For her, being offline can feel like a luxury, specifically, freedom from “the shackles of constantly posting.” She points to a friend who reportedly makes around $60,000 a month on TikTok but spends hours every day on live streams and content production. “Creatives who have high visibility online push out a lot of content,” she said. “That means making moments out of as many things as possible in their lives.”
In that sense, the luxury is privacy. It’s the ability to experience a moment without immediately converting it into content.
Still, Rosegawd knows firsthand how fragile platform dependency can be. In 2022, her Twitter account was suspended right before a merchandise drop. Later, her Instagram was hacked just before a paid brand collaboration that required her to post. “I had no way to reach the people who were waiting,” she says. “I felt that in the numbers.”
The experience forced a pivot. She began building a direct email list, which now boasts 20,000 subscribers and a 90 percent open rate.

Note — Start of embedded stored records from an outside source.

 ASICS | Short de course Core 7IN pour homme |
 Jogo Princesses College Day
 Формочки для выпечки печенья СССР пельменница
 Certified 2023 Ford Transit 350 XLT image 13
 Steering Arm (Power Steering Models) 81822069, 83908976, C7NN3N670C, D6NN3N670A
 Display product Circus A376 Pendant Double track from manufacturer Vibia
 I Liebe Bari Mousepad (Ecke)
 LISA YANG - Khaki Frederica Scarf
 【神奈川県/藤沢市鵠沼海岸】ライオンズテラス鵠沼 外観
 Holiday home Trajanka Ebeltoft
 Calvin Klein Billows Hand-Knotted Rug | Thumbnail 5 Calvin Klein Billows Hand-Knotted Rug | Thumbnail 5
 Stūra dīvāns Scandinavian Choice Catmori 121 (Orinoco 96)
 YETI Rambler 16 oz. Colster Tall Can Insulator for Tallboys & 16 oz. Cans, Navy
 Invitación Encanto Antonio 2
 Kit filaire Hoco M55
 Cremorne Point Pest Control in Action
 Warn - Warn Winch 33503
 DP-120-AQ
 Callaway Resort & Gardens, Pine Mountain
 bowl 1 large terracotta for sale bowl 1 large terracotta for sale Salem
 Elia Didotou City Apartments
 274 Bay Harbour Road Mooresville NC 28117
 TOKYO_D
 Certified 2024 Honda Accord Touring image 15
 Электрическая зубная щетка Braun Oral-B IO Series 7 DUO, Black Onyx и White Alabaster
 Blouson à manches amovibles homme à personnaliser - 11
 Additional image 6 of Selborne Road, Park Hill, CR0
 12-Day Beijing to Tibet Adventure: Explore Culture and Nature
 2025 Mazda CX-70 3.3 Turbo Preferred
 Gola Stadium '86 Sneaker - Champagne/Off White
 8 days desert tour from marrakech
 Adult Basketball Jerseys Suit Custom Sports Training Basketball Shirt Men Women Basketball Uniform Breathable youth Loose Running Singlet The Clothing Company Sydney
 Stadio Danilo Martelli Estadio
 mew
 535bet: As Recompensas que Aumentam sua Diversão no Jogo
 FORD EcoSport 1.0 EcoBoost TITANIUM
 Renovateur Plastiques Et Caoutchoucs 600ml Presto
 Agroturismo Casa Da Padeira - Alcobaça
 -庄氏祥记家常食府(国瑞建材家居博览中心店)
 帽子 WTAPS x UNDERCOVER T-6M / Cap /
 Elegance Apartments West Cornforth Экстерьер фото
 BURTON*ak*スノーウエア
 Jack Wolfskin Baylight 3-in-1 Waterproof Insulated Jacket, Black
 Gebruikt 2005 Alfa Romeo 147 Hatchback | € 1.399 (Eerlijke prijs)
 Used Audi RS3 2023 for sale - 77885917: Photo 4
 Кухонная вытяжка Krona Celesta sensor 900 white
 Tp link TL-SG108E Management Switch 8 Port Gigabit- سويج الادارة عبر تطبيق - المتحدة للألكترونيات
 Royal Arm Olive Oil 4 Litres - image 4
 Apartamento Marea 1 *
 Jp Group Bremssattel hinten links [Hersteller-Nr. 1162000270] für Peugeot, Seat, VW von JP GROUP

When her Instagram was compromised again, she was able to show a brand partner her email metrics and push campaign content through that channel instead. “The lesson wasn’t to disappear,” she said. “It was to have ownership.”
That ownership — of audience, infrastructure, and access — may be the truest form of digital luxury. For some legacy artists and established brands, social media functions as a highlight reel, a marketing tool. For emerging creators, it’s often the opposite.

At the same time, the benefits of stepping back are real. Ron describes social media as addictive, noting how easily digital interactions can masquerade as meaningful connections. “DMing your friend or commenting on a post isn’t the same as a grounded human connection,” he said. “Pulling yourself back into reality can be beneficial.”
Clark agrees that what many people are actually seeking isn’t disappearance but balance. Privacy without invisibility, rest without penalty, community both online and off. “The intentions behind ‘offline is luxury’ might have been good,” she said. “But what it missed was who’s actually on the other side of the screen.”
For Black creators and community builders in particular, that side of the screen often represents business, organizing, and third spaces built from timelines and hashtags. However, it’s also marketing, sales, and client work.
In that context, being offline isn’t inherently radical nor is it always feasible. The real luxury is having income, community, and infrastructure that don’t disappear when you need to.